Site Tagging Deployment Process – TMS Q&A

When is it safe to deploy tags on my website via a tag management system?

In every organization I’ve worked with, the same question has come up. “How do we ensure non-developers with access to our TMS can’t just publish any rule at any time?” The answer is always the same – restrict users via some permissions panel. Thanks for reading, folks. See you next time!

Kidding. Well, not really. Restricting user permissions is the most reliable way to safely deploy tags. Integrate it with your development cycle and boom, you’re done. However, I like to live a little on the wild side. What if I told you that it’s safe to sometimes let analysts publish rules outside of the development cycle. Bear with me for a second…

Bear with me
I hear adding images to blog posts increases engagement.

So what if I told you that I can guarantee with 100% certainty that it won’t screw anything up? Would you still let your analyst publish the rule?

“How can you possibly guarantee that,” I asked myself preemptively. The stuff that’s baked into the UI of Google Tag Manager (GTM) and Dynamic Tag Manager (DTM) will not screw your website up*. Each TMS handles tagging roughly the same (yes yes I know they are different, too). The default tags are really just flies on the wall – they listen in the background and take notes on what the user is doing. Default tags will NOT take down a website or screw with site behavior. So what will? Custom JavaScript, HTML, jQuery, or any other code. When you see something go wrong, it is not because someone tried to fire an eVar named “aksljdalsjdkalsjdlkjasd” bound to every anchor element on your website.

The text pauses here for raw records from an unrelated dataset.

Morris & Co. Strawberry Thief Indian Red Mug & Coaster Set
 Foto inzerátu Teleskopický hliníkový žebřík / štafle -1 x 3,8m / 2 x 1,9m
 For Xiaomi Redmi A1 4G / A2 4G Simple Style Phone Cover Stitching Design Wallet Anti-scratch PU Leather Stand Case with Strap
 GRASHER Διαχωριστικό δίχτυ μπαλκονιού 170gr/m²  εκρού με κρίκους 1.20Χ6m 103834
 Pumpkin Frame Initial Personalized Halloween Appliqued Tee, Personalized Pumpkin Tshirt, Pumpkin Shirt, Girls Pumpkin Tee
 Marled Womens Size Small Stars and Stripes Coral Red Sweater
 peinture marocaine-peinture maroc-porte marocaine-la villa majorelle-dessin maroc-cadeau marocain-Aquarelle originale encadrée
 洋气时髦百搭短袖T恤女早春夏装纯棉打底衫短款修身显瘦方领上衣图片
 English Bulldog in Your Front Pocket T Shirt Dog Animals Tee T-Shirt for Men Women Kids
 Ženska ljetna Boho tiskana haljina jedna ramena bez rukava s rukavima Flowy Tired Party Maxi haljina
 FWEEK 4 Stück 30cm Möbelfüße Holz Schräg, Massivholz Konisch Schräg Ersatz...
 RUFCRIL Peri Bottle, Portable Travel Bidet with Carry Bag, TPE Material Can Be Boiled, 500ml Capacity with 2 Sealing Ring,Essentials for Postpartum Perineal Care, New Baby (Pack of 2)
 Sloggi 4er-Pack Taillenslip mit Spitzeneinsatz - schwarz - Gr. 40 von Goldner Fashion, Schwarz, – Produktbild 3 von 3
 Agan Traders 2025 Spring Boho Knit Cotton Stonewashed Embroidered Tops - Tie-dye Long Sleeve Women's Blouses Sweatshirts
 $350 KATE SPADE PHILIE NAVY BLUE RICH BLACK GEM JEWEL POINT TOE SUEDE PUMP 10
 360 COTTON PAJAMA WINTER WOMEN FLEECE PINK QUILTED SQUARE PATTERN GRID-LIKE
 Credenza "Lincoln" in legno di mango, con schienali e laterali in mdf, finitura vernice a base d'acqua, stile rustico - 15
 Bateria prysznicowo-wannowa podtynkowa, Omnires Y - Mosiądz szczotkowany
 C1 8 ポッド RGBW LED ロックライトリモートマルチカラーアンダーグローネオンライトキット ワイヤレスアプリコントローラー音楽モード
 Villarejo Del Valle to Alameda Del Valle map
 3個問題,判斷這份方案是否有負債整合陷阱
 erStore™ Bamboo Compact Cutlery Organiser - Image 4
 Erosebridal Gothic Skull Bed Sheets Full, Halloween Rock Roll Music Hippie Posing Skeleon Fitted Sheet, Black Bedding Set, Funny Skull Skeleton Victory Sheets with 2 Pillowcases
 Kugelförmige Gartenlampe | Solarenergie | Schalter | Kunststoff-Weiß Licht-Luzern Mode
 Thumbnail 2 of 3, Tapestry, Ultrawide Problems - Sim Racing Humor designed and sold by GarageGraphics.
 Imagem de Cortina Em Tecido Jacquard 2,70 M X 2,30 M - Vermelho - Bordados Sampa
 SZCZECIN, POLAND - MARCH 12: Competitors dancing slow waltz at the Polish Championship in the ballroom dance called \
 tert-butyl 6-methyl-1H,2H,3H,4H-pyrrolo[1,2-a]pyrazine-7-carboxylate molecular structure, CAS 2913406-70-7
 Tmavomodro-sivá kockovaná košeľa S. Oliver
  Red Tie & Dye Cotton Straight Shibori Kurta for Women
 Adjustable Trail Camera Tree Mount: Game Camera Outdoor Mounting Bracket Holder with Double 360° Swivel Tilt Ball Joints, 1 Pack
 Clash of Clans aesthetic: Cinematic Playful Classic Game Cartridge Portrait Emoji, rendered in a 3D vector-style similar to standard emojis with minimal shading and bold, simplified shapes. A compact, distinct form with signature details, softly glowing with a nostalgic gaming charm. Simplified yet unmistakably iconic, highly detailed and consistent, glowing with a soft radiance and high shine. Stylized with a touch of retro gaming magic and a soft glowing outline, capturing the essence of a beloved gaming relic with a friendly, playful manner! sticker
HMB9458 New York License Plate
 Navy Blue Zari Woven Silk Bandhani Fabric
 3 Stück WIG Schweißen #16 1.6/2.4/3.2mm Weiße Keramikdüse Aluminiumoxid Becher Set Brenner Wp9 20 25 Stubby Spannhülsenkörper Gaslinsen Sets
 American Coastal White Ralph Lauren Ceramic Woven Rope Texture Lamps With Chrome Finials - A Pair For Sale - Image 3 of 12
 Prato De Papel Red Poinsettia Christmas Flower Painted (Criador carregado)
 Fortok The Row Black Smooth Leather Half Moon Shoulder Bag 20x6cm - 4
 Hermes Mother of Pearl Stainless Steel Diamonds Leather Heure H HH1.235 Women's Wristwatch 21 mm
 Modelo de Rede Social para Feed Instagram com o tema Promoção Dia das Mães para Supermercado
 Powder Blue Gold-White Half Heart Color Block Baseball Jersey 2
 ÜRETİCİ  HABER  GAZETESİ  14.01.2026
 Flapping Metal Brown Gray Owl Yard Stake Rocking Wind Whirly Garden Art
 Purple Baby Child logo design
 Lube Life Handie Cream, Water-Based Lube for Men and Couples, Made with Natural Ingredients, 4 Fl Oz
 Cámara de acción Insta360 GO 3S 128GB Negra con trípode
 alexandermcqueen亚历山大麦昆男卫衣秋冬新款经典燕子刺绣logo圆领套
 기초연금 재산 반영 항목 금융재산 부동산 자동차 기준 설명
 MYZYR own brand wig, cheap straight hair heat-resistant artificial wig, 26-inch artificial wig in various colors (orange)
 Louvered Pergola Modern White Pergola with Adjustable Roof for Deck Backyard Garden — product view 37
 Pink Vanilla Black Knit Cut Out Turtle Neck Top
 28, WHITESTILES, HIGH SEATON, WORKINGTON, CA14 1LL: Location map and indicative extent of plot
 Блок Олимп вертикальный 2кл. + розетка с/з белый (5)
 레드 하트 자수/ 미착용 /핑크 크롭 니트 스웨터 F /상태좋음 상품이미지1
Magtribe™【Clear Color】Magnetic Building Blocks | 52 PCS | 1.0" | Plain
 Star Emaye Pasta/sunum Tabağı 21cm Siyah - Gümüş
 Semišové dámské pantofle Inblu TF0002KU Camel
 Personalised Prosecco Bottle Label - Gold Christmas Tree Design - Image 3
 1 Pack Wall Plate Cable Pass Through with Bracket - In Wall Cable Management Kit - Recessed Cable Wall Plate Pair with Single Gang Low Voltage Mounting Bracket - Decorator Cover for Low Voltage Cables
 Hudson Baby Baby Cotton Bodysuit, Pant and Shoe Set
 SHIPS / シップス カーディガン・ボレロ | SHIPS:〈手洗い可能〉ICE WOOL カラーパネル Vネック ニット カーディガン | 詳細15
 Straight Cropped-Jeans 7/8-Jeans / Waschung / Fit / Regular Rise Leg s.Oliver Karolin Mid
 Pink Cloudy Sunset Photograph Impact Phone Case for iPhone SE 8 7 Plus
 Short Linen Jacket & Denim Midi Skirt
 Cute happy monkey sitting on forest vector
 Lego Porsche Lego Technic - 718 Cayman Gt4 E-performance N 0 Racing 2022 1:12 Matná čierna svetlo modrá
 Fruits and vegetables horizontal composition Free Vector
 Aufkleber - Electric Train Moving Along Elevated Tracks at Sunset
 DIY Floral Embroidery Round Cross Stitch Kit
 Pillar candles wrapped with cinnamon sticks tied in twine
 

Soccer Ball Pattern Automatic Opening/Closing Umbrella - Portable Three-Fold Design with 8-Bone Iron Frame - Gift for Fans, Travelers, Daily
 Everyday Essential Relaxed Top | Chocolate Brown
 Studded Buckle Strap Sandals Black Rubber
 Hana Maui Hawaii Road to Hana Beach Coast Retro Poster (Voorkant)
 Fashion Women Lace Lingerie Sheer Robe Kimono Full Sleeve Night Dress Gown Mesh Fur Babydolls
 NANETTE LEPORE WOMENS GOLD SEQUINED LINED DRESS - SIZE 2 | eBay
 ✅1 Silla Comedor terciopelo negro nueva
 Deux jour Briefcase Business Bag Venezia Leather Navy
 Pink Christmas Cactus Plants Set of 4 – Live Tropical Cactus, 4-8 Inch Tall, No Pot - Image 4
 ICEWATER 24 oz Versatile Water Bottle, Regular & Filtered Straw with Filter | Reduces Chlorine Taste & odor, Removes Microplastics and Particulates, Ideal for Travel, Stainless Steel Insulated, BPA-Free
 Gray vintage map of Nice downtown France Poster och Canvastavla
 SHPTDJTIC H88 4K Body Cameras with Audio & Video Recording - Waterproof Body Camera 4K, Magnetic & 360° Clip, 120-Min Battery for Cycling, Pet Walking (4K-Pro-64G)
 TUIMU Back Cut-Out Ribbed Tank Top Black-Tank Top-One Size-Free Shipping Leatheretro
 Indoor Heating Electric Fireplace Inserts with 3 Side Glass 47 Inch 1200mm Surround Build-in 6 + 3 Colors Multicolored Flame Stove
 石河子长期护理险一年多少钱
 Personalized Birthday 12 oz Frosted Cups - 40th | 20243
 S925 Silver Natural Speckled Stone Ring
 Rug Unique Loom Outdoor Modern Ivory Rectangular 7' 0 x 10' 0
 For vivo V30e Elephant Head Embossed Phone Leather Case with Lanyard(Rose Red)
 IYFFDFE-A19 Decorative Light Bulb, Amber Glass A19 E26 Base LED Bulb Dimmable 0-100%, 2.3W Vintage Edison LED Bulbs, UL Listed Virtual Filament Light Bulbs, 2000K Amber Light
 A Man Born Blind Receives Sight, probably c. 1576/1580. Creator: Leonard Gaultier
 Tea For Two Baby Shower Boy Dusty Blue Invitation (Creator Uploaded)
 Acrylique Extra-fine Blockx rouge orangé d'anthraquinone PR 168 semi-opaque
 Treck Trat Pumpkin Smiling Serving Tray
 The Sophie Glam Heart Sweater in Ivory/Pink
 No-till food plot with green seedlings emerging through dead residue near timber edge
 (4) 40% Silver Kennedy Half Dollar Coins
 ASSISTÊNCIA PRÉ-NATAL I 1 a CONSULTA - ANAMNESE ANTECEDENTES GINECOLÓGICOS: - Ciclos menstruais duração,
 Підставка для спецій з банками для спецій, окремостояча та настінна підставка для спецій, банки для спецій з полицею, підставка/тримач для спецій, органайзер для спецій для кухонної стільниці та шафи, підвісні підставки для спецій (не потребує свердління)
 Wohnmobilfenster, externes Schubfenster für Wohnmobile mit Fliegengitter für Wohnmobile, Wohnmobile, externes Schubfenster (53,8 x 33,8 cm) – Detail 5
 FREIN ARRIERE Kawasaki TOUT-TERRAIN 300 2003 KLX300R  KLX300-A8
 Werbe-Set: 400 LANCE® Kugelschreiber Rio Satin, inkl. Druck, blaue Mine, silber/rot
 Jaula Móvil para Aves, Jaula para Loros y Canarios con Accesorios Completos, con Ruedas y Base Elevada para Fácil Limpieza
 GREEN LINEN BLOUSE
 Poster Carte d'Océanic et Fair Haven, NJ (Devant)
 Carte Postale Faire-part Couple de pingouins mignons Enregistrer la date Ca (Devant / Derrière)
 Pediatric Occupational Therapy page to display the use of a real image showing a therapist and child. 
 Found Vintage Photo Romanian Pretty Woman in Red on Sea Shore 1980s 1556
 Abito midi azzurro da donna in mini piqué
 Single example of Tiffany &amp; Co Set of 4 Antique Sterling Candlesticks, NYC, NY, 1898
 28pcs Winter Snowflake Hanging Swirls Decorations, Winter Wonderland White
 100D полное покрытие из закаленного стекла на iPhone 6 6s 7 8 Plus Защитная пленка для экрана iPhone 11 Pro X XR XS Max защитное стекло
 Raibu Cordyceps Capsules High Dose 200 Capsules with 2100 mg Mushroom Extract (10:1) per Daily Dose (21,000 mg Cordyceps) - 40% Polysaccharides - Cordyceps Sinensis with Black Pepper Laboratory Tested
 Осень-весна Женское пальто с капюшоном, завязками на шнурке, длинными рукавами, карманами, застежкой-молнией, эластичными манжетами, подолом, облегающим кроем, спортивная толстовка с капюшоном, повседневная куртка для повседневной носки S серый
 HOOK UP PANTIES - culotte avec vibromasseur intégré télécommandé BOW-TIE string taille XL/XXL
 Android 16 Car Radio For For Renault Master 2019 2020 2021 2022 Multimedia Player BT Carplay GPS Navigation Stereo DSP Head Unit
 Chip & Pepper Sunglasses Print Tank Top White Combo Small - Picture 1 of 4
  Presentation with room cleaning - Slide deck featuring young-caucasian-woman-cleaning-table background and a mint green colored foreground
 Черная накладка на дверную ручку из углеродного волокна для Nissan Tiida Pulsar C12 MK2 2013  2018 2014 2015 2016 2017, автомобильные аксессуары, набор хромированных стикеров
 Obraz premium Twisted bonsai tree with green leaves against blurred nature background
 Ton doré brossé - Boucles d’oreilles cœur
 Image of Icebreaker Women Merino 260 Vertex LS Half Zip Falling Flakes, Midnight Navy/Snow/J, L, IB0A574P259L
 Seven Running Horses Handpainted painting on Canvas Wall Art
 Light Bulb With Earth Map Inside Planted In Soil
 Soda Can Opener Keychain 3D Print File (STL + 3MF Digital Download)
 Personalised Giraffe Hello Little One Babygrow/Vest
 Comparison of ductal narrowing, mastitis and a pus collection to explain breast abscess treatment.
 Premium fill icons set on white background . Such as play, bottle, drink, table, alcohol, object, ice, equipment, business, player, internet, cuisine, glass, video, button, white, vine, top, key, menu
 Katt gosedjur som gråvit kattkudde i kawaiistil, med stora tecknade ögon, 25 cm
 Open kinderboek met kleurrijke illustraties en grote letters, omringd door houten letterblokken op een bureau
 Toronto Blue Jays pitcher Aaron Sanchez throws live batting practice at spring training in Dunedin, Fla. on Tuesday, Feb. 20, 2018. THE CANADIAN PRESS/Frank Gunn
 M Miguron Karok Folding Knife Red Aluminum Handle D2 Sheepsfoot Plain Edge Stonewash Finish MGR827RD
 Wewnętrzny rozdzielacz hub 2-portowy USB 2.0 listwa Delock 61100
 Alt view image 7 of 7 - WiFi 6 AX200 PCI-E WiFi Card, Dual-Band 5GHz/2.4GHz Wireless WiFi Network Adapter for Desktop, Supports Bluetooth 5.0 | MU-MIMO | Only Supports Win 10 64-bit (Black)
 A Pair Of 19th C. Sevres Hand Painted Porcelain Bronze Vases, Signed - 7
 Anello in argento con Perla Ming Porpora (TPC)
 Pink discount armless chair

So in my opinion (because I like to live dangerously), what’s the best process for tagging with your TMS? Train your user(s) to pass it through a developer/QA only if there’s custom code or scripts. I know this post won’t convince an organization to completely change their process – but use this as motivation to fight for change and eliminate a bottleneck.

* The exception is “Apply event directly to handler” in DTM. That can actually screw with JavaScript handling that’s bound to elements.